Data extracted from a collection

——

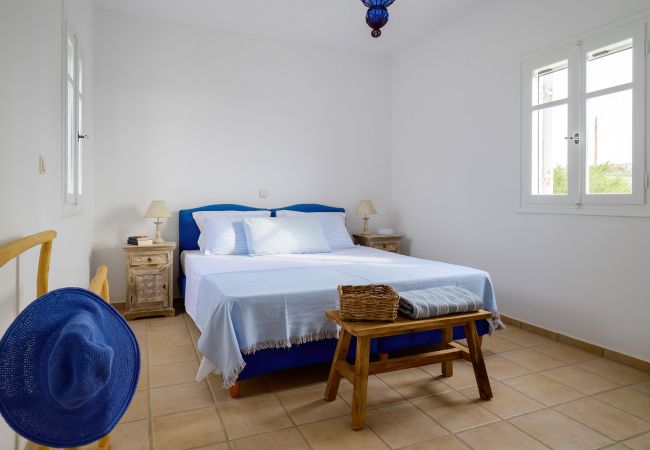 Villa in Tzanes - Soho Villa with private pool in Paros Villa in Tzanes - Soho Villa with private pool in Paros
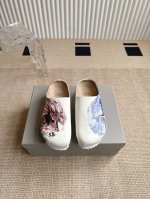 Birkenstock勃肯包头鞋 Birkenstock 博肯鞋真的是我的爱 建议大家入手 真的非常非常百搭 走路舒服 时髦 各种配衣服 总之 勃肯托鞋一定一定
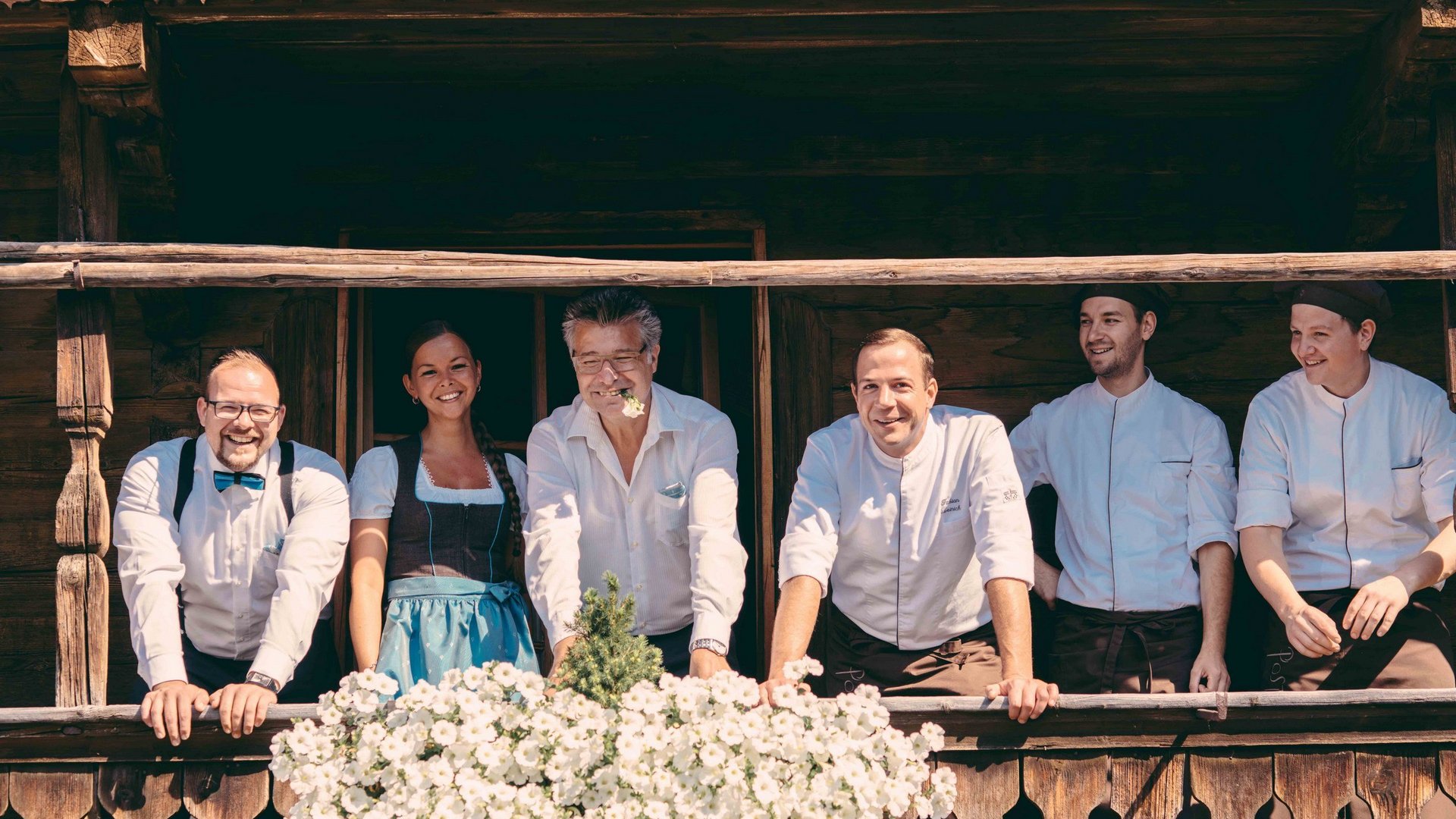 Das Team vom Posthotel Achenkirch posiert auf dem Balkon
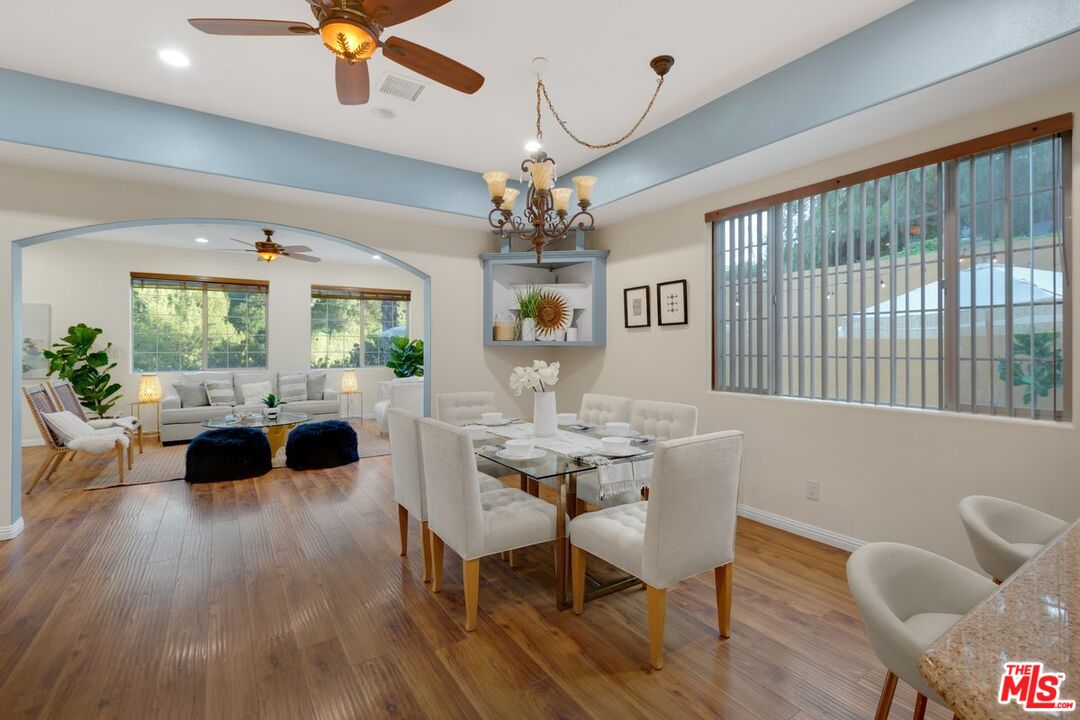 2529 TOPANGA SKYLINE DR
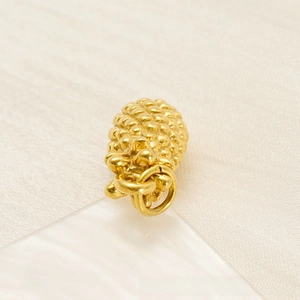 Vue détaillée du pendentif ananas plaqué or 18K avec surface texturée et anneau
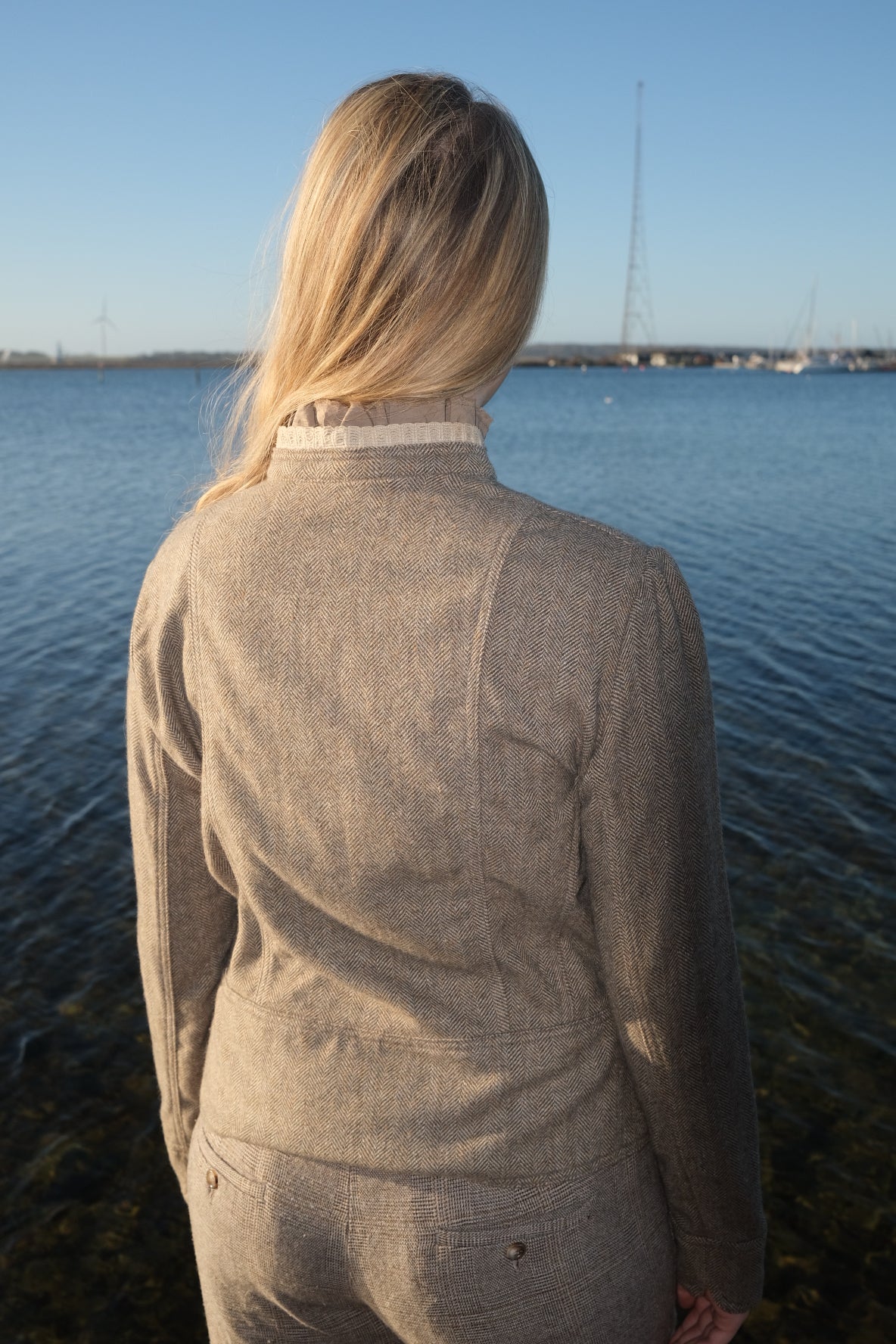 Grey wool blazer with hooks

——

Only the lines from the one containing "2529 TOPANGA SKYLINE DR" through the last line of the entries above, both included, belong in the answer, written out exactly; pictures do not.

 2529 TOPANGA SKYLINE DR
 Vue détaillée du pendentif ananas plaqué or 18K avec surface texturée et anneau
 Grey wool blazer with hooks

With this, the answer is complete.